8.1 Controlling Law. This Agreement shall be construed and enforced in accordance
with the laws of the State of Florida. Venue shall be in Indian River County for all
state court matters, and in the Southern District of Florida for all federal court
matters.
8.2 Entire Agreement. This Agreement constitutes the entire agreement between the
parties with respect to this transaction and supersedes all prior agreements, written
or oral, between the Seller and the County relating to the subject matter hereof.

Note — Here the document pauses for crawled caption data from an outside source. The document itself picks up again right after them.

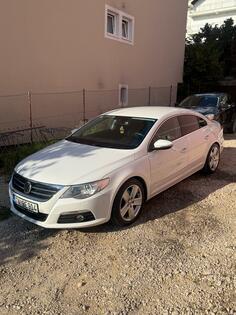 Volkswagen - Passat CC - 2.0tdi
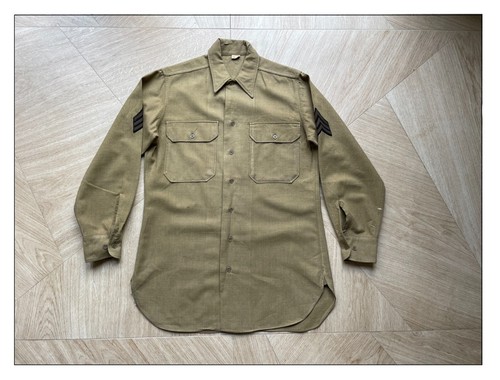 Ww2 chemise normandie omaha - normandie,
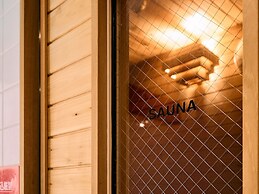 Hotel Plus Hostel TOKYO ASAKUSA 1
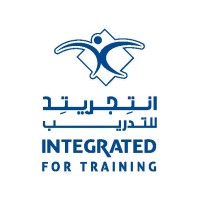 ITC, Integrated For Training logo, ITC, Integrated For Training contact details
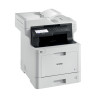 Brother MFC-L8900CDW A4 Color Laser Multifunction Printer 2400 x 600 DPI 31 ppm Wi-Fi Fax LAN Duplex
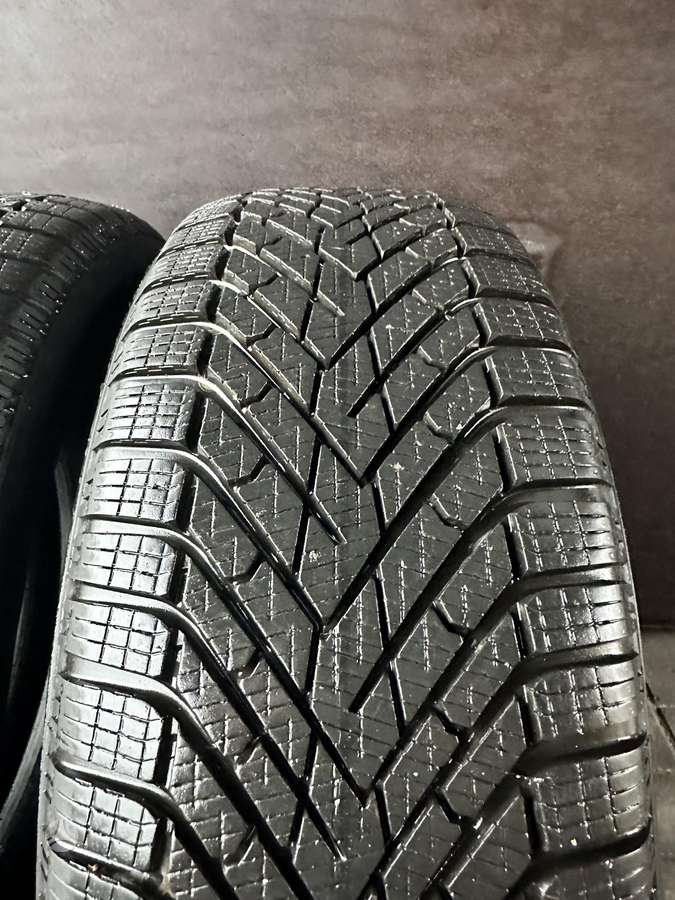 Pirelli Scorpion Winter 2, winter 225/55 R19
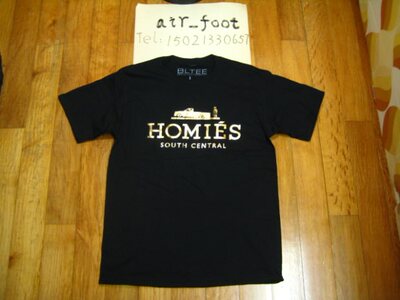 恶搞纯棉字母印花夏季短袖T恤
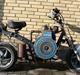 Gilera Runner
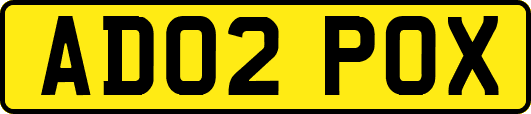 AD02POX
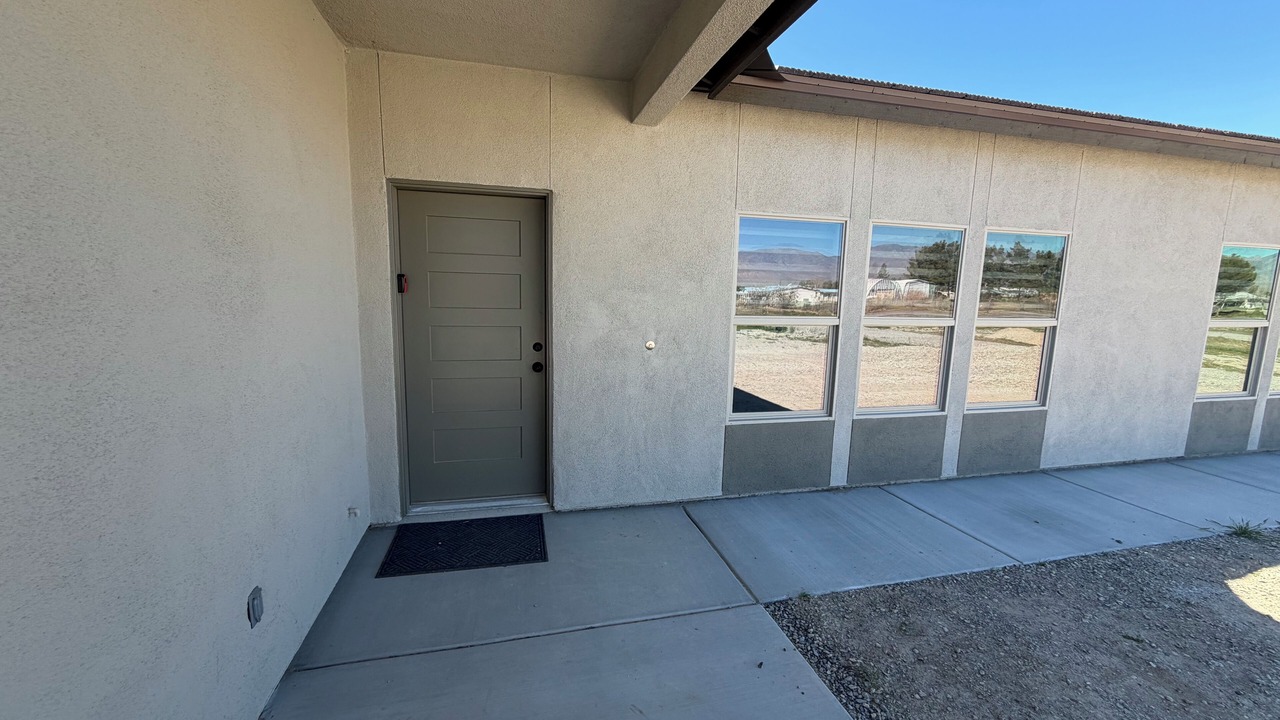 Photo of Outdoor in Pahrump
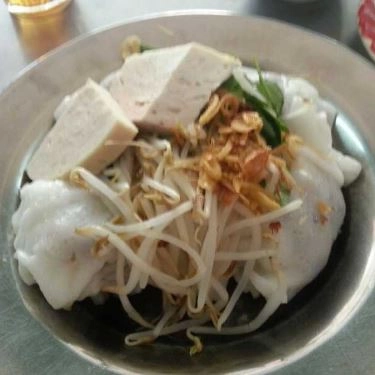 Món ăn- Quán Ăn Bánh Cuốn Hồng Hiên - Trương Định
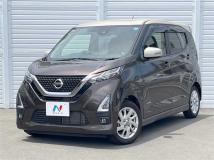 2021 Nissan DAYZ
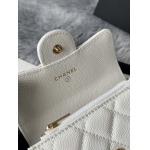 2026年2月19日新作高品質Chanel本革財布 /LYS工場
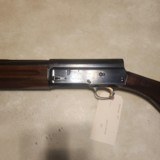 Browning A5 Magnum Twelve 12 gauge - 2 of 9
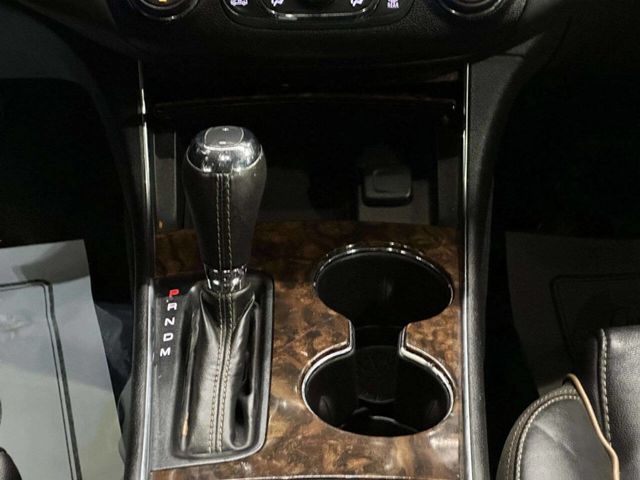 2015 Chevrolet Impala 4dr Sedan LTZ w/2LZ - 22977671 - 19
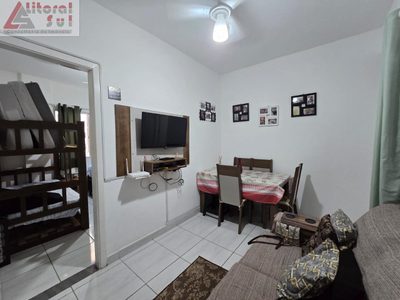 Apartamento, 1 quarto, 39 m² - Foto 3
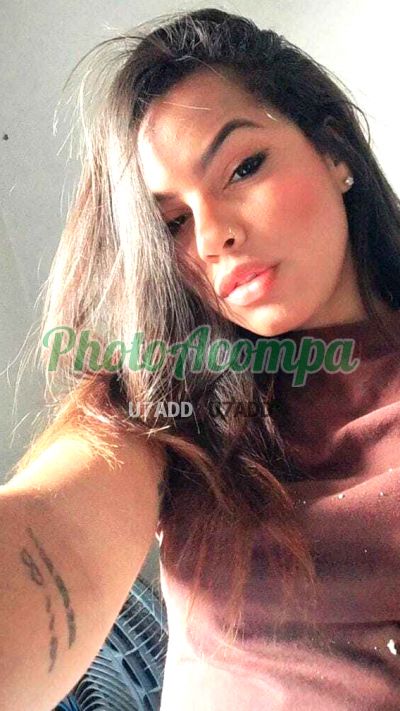 Nayara, garota de programa em Niterói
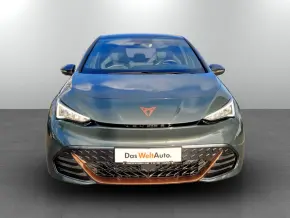 CUPRA Born VZ 79 kWh thumbnail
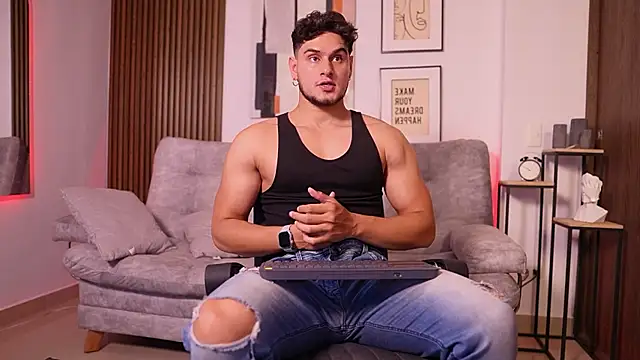 DaviesBrown online show from October 4, 2025, 8:40 pm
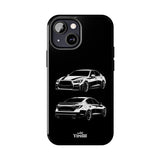 2014+ Infiniti Q50 Phone Case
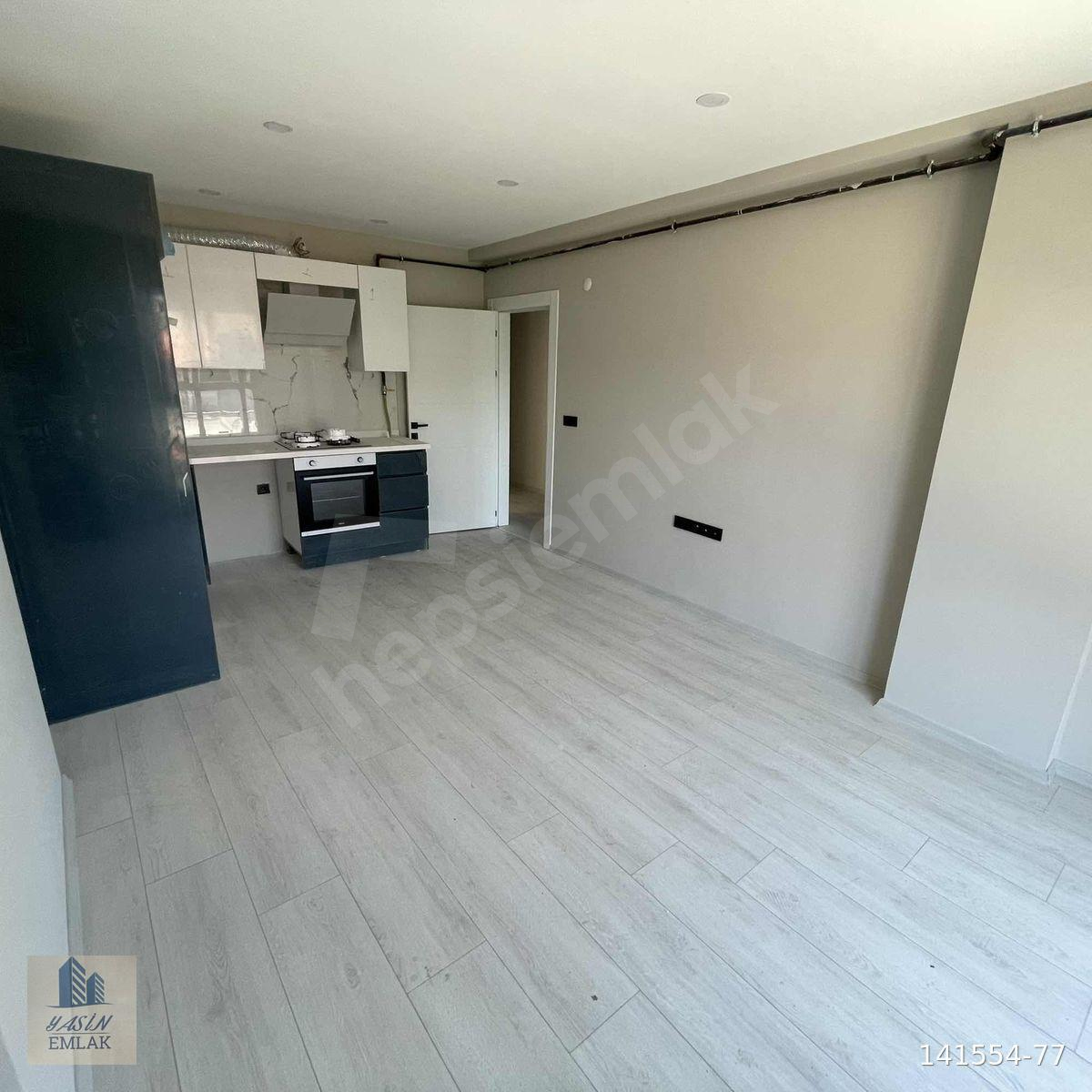 ZONGULDAK ÇAYCUMA YENİ MAHALLE DE KİRALIK 2+0 DAİRE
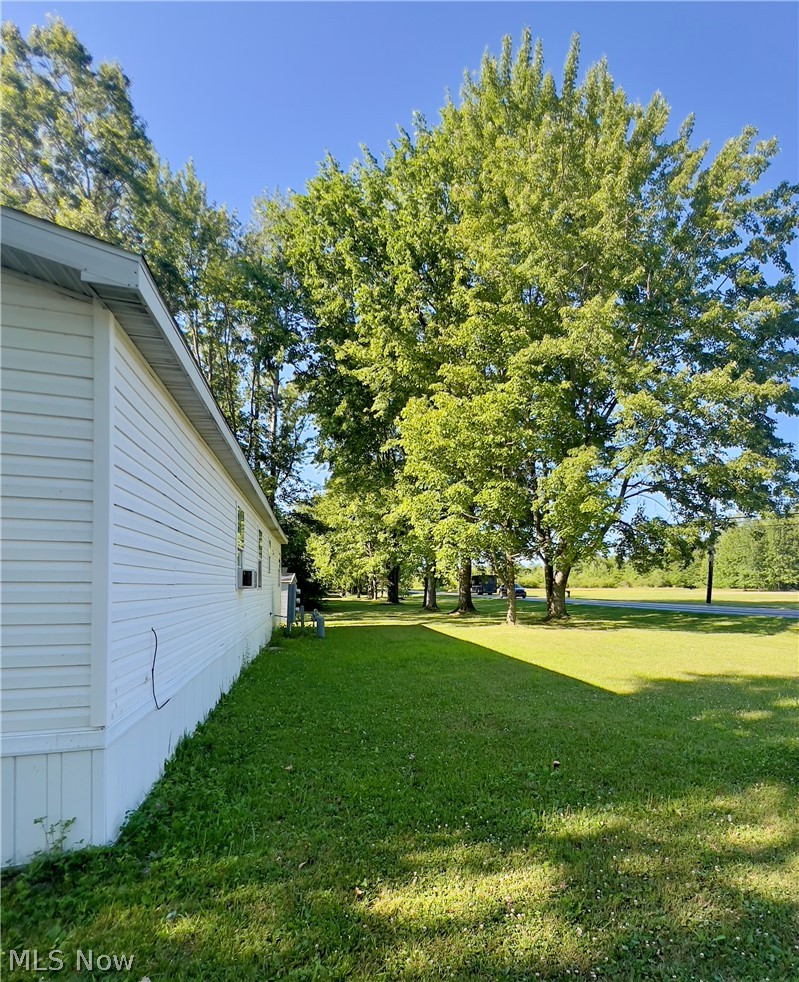3585 Austin Road Geneva OH 44041
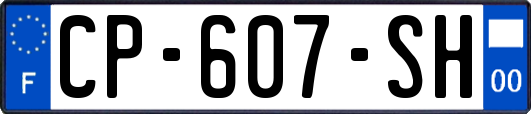 CP-607-SH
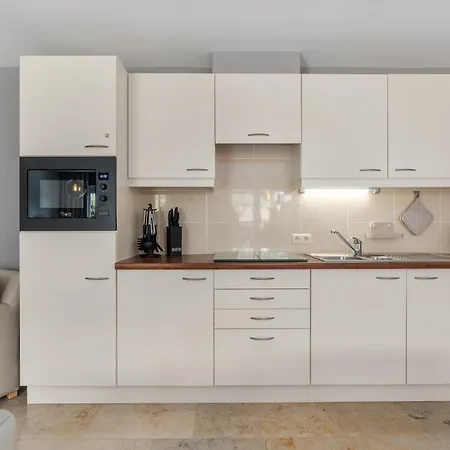 Apartment Zeebos 11 App Glvls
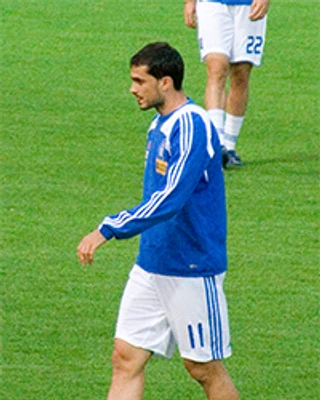 Loukas VYNTRA
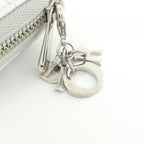 Dior Lady Voyageur Coin Purse — view 3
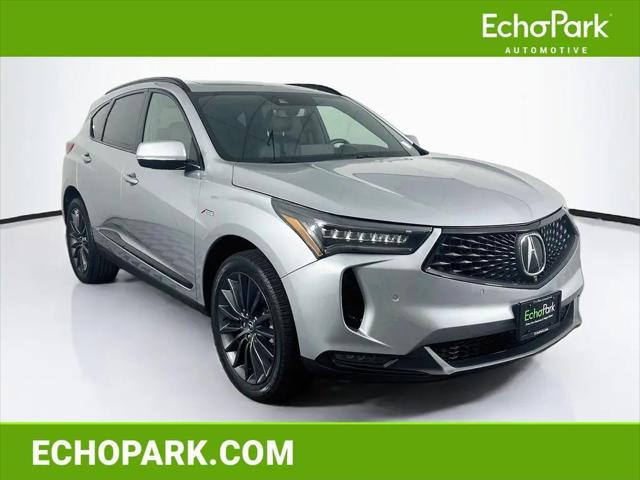 2023 Acura RDX A-SPEC Advance Package for sale in Roseville, CA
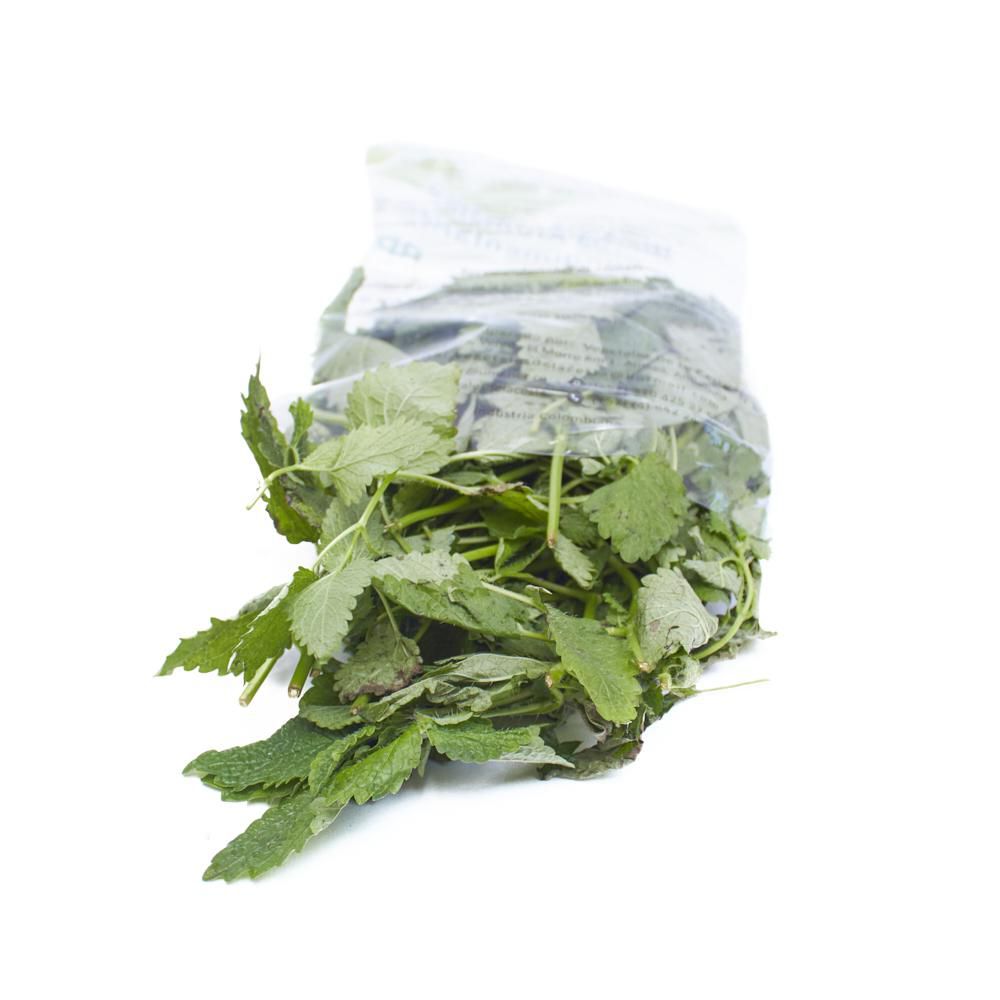 Sm Yerbabuena Fresca Bolsa 50 g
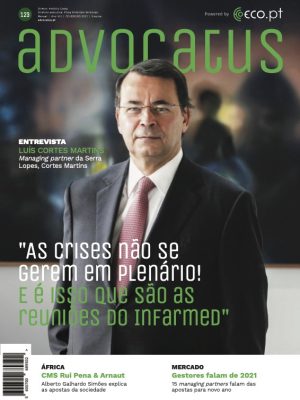 Revista advocatus Nº123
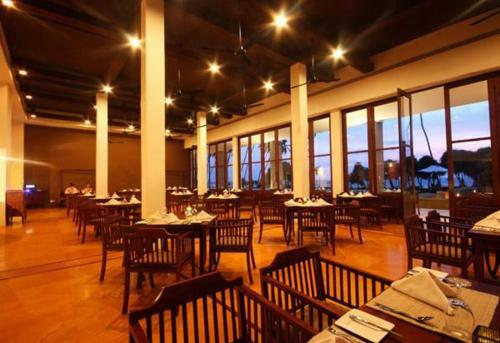 Hotel Oak Ray Haridra Beach Resort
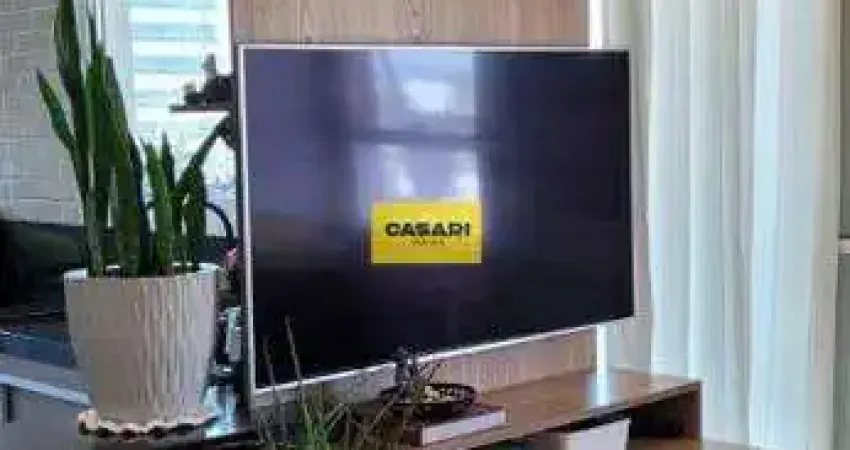 Lindo apartamento no jardim do mar | condomínio vivendas do mar com planejados e 2 vagas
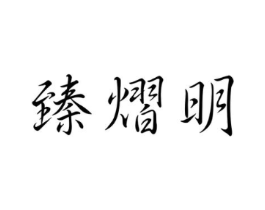 商标原图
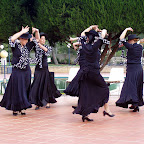 Encuentro de jóvenes "Somos Sonido", (Cerromuriano, 2007-Abril-17)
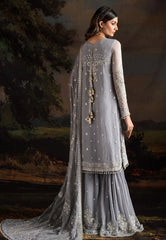 Zarif Rouge Wedding -ZRW 03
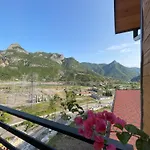 Glamping Panorama
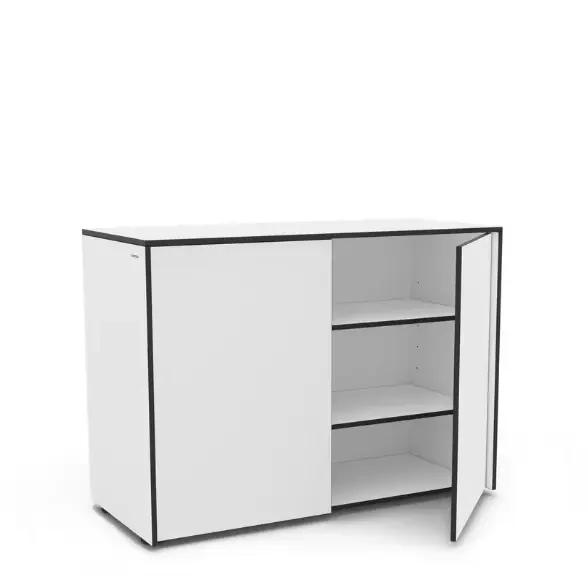 Ordo Schrank Space 100 (niedrig) von conmoto Must-Have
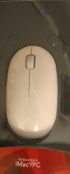 Rocketfish Optical Mouse - RF-AFMSE...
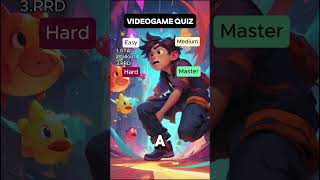 ARE YOU A GAMING ADDICT??!! #trivia #quiz #quizzing #triviatime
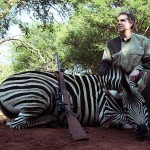 Zebra Hunting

Any modification or amendment to this Agreement shall be effective only if in writing
and executed by each of the parties.
8.3 Waiver and Release of Claims of Eminent Domain. This agreement represents the
full and final satisfaction of any and all claims Seller may have in Eminent Domain
with respect to the Property, fees and costs.
8.4 Assignment and Binding Effect, Neither County nor Seller may assign their rights
and obligations under this Agreement without the prior written consent of the other
party. The terms hereof shall be binding upon and shall inure to the benefit of the
parties hereto and their successors and assigns.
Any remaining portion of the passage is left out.